The result? Organizations can remain in charge of their own data while storing it where they like, mitigating data transfer risks, and addressing data sovereignty concerns. 

Q: Besides the GDPR, what other cross-border data regulations are there? 

A: There are quite a few. The United Nations Conference on Trade and Development notes that 137 out of 194 countries have some form of data privacy or data protection legislation. This includes regulations like: 

  • Brazil’s General Data Protection Law (LGPD) 
  • Canada’s Personal Information Protection and Electronic Documents Act (PIPEDA) 
  • China’s Personal Information Protection Law (PIPL)
  • Japan’s Act on the Protection of Personal Information (APPI) 
  • Russia’s Federal Law on Personal Data (No. 152-FZ)
  • South Korea’s Personal Information Protection Act (PIPA) 
Although they vary in their details and their level of enforcement, most cross-border data regulations require companies to receive informed consent from data subjects, to notify relevant agencies when a data breach occurs, and to implement legal and technological safeguards for personal data. 

Q: What are the consequences for noncompliance with cross-border data privacy laws? 

A: The laws range in severity, but most include major penalties. The GDPR fines organizations up to $21.3 million, or up to 4% of the organization’s annual global turnover from the preceding financial year, whichever is greater. India’s Digital Personal Data Protection Act (still in draft form) would fine organizations over $60 million for violations, while South Korea’s PIPA issues penalties of over $79 million. 

Q: Are cross-border data protection laws actually enforced? 
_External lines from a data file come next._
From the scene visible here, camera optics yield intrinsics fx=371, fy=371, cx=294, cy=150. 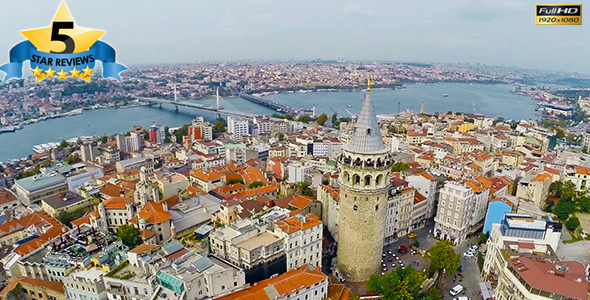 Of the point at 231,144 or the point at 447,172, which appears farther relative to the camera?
the point at 231,144

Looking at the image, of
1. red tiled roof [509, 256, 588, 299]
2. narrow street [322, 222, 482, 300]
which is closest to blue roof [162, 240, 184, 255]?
narrow street [322, 222, 482, 300]

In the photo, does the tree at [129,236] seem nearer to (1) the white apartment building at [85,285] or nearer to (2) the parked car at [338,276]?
(1) the white apartment building at [85,285]

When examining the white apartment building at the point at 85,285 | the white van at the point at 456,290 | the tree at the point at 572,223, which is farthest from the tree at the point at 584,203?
the white apartment building at the point at 85,285

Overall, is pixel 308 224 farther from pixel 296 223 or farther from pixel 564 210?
pixel 564 210

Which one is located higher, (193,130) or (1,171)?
(193,130)

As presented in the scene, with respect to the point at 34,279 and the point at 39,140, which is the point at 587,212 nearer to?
the point at 34,279

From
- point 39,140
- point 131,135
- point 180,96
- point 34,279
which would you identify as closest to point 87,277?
point 34,279

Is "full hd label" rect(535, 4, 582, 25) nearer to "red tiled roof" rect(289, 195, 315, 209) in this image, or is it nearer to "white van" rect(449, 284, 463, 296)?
"white van" rect(449, 284, 463, 296) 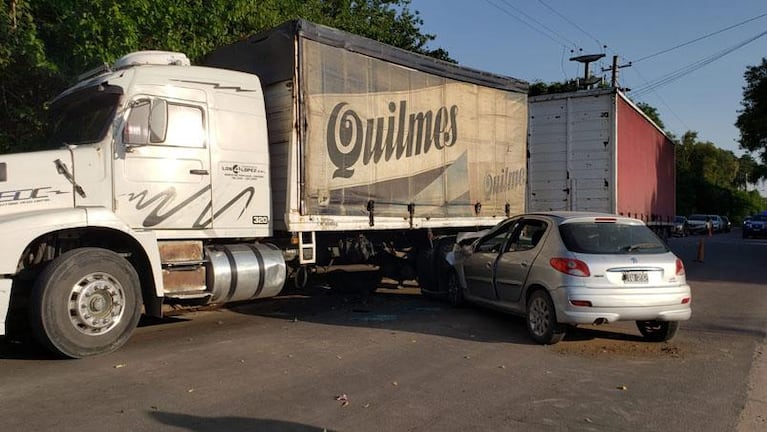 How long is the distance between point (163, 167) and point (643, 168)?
530 inches

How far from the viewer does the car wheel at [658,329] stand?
7367 millimetres

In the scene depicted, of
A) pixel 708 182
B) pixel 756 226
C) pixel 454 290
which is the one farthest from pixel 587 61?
pixel 708 182

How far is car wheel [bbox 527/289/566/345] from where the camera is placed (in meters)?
7.10

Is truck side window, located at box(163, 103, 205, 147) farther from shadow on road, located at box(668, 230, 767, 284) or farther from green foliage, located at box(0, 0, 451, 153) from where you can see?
shadow on road, located at box(668, 230, 767, 284)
A: Again, it depends on the exact legislation — but yes, many laws are strictly enforced. Some recent real-world fines include:  

  • $1.2 billion for Didi Global under China’s PIPL 
  • $50 million for Google under South Korea’s PIPA 
  • $239 million for WhatsApp under the EU’s GDPR 
  • $431 million for Instagram under the EU’s GDPR 
  • $795 million for Amazon under the EU’s GDPR 

Q: How does microsharding provide strong cross-border data protection? 
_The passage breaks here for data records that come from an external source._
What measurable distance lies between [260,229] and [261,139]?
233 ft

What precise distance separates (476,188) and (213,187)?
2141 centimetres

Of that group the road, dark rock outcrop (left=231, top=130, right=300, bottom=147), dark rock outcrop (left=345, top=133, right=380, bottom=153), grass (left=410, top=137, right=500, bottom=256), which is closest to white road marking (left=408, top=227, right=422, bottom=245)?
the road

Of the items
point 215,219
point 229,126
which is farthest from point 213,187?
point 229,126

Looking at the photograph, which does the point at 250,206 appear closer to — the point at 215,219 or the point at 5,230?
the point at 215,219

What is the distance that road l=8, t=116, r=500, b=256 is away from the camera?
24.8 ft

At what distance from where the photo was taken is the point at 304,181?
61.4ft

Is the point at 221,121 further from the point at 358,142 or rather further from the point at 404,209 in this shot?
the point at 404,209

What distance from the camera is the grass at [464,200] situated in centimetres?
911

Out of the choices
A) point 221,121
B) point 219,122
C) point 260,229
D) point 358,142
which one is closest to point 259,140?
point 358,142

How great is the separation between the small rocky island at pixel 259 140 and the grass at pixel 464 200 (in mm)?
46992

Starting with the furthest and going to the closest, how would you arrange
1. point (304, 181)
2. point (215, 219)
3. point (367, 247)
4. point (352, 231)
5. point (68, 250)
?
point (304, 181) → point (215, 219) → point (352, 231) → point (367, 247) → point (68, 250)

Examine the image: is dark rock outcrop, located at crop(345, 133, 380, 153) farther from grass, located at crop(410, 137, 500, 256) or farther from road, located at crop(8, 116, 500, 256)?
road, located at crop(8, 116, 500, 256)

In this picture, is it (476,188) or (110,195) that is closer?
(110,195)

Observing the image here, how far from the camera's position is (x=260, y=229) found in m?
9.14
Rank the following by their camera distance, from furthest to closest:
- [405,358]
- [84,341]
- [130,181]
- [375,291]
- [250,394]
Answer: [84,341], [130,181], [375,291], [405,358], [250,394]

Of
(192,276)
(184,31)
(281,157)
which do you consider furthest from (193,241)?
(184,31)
A: Microsharding helps satisfy cross-border data protection requirements by allowing companies to retain control of their own data. It does so by desensitizing data, shredding it into tiny microshards, and distributing those microshards across multiple storage locations. The result is that data can be stored anywhere and still be rendered completely useless and unintelligible to outside users. 

Microsharded data cannot be reconstructed by anyone other than the original data owner. Our microsharding process adds user-configurable amounts of poison data and strips filenames, file extensions, and other identifying metadata, making unauthorized reassembly impossible.  

Unlike encryption, microsharding does not rely on keys, so the issues of third-party key management that can arise in cross-border data protection are nonexistent. It is a strong technological safeguard that provides advanced data protection, wherever in the world your data may reside. 

Q: Does this translate to cost savings? 

A: Absolutely. When companies are free to store their data wherever they like, they can take advantage of cost savings with the cloud providers of their choice. Microsharding protects against third-party access, so organizations can use the most cost-effective storage options available to them without worrying about compliance. 

Q: Microsharding helps with cost savings and GDPR compliance. What else does it do? 

A: Quite a lot. Our Microshard technology was designed to provide advanced data security and resilience while keeping control in the hands of data owners. Microsharding can: 

  • Mitigate cloud ransomware
  • Provide strong data privacy for organizations in biotech, finance, and other industries where confidentiality is paramount. 
  • Offer unbeatable data resilience in the face of outages and attacks with self-healing data and high availability. 
  • Securely migrate cold data from on-premises storage to the cloud for cost savings. 
  • Provide file-level protection without the need to add resource-intensive encryption into applications.